There are lines that Western governments will not cross when it comes to fighting racial disparities. These lines reflect the overarching lack of respect and value for non-white life. Despite the discovery of the remains of 215 Indigenous children in an unmarked mass grave at Kamloops “Residential School,” and the hundreds more continuing to be uncovered across Turtle Island, there has not been an apology from the Pope and affiliated Catholic institutions with whom the Canadian government works hand-in-glove. After 11 days of Israel bombing Gaza, with 227 dead including 64 Palestinian children, Western governments including Canada have expressed support for Israel’s “right to security” and tactfully condemned violence by both sides, as if the ongoing occupation, displacement and genocide has two comparable sides. The so-called “both sides” cliché is a carefully constructed ruse to maintain the veil of a moral high ground, without admitting that a vast power-imbalance pervades the issue; one side is highly militarized, the other occupied.
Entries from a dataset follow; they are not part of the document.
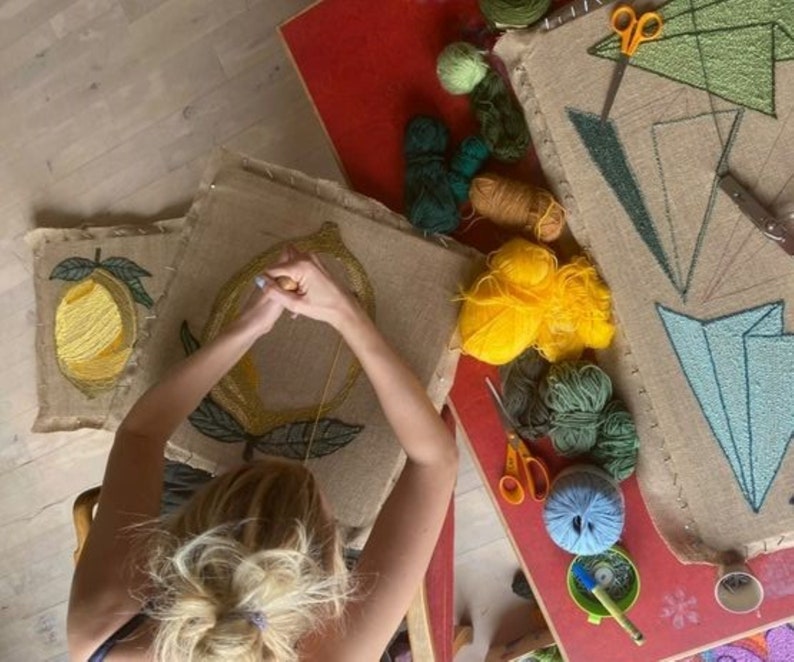 Danella Semiautomatic Tufting Tool. Fast Manual Punch Needle. the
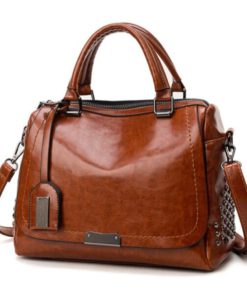 Messenger Bag,Leather Fashion,Ladies Soft Leather Fashion All-match Messenger Bag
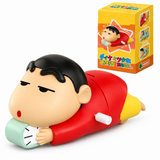 Shinchan Toy for Kids, Crawling Musical Toy with LED Lights, Battery Operated Moving Cartoon Toy, Gift for Boys and Girls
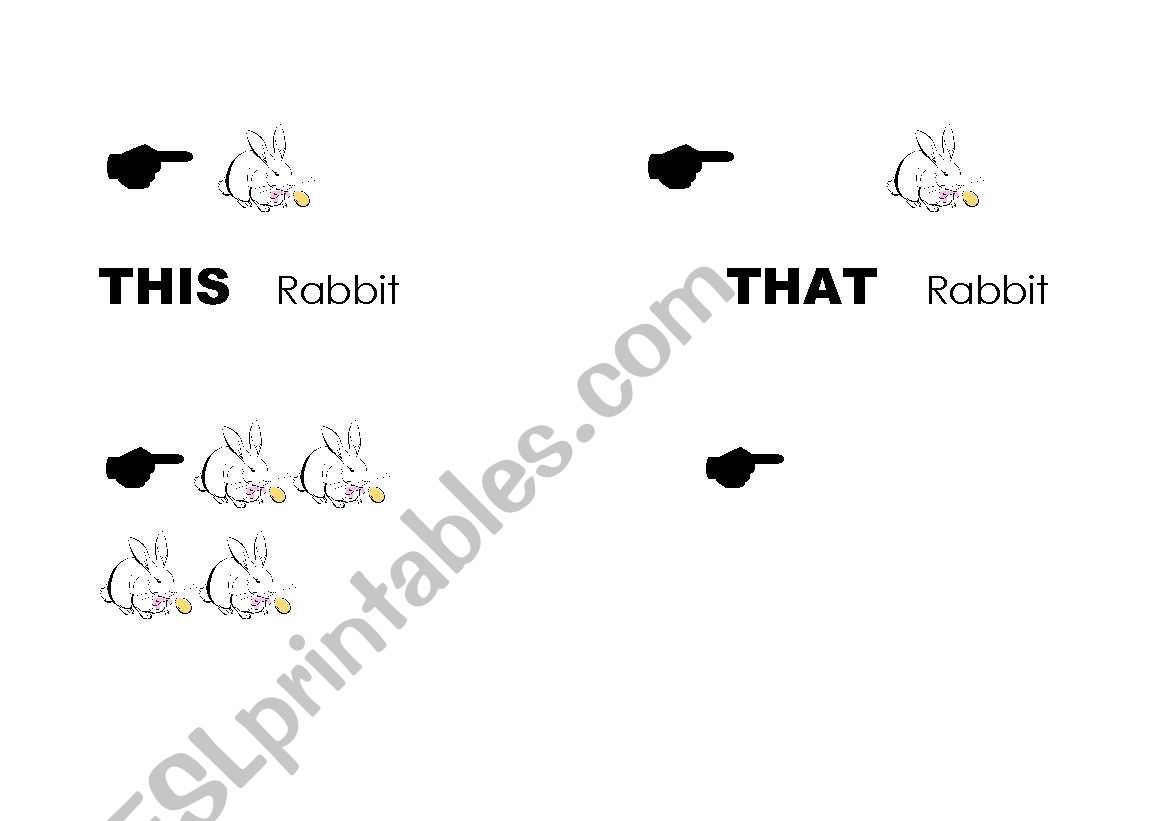 Demonstrative Pronouns worksheet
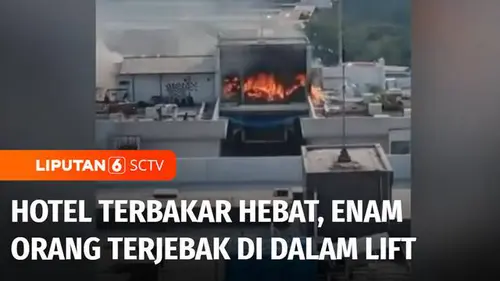 VIDEO: Hotel di Tangerang Selatan Terbakar, Enam Orang Terjebak di dalam Lift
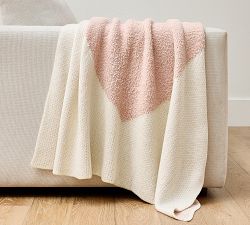 Big Heart Jacquard Throw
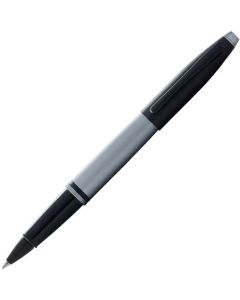 This is the Sheaffer Matte Grey & Black Lacquer Calais Rollerball Pen.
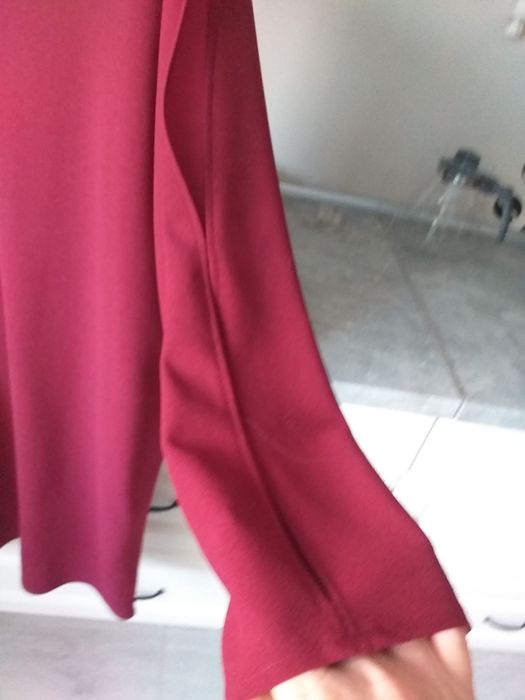 Sukienka damska bordo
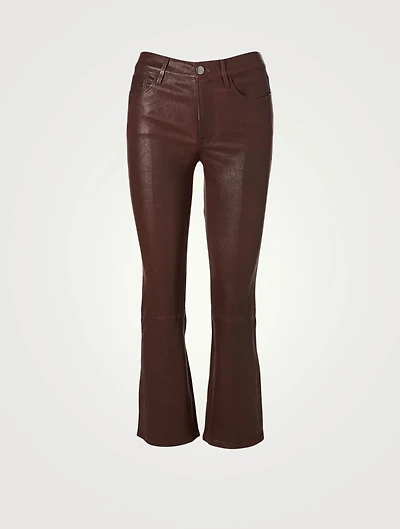 Le Crop Mini Boot Leather Pants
As Palestinians rummage through the rubble to collect their belongings and bury their murdered kin, Prime Minister Justin Trudeau tweets congratulations to the Israeli president saying, “our two countries are bound together by shared democratic values and many common priorities.” Since 2015, Canada has exported $57 million worth of weapons to Israel, including $16 million in bomb components. Those who shoot worshippers at the mosques and run over families on sidewalks know that they are joining this “common priority”. Similarly, south of the border, Joe Biden vows to “end systemic racism”; yet within six weeks of his inauguration, his government resumed bombing Syria. When wealthy Western nations, like Canada,  fund the bombing of Gaza and the continued occupation of Palestine, and refuse to act upon reconciliation after the public discovery of  hidden mass graves of Indigenous children, individual white supremacists are given license to kill a visibly Muslim family, knowing it is no different than the government’s duplicity. If the Canadian government truly condemns such “brutal, cowardly, and brazen act[s] of violence,” they need to take a harsh look in the mirror.

Our hope is to mobilize the public in a call for action against white supremacy in all its various explicit and insidious forms. If we believe in equity, justice and an inclusive society, then we must evaluate the continued Western legacy of disregarding non-white life and truly consider the meaning of “justice for all”.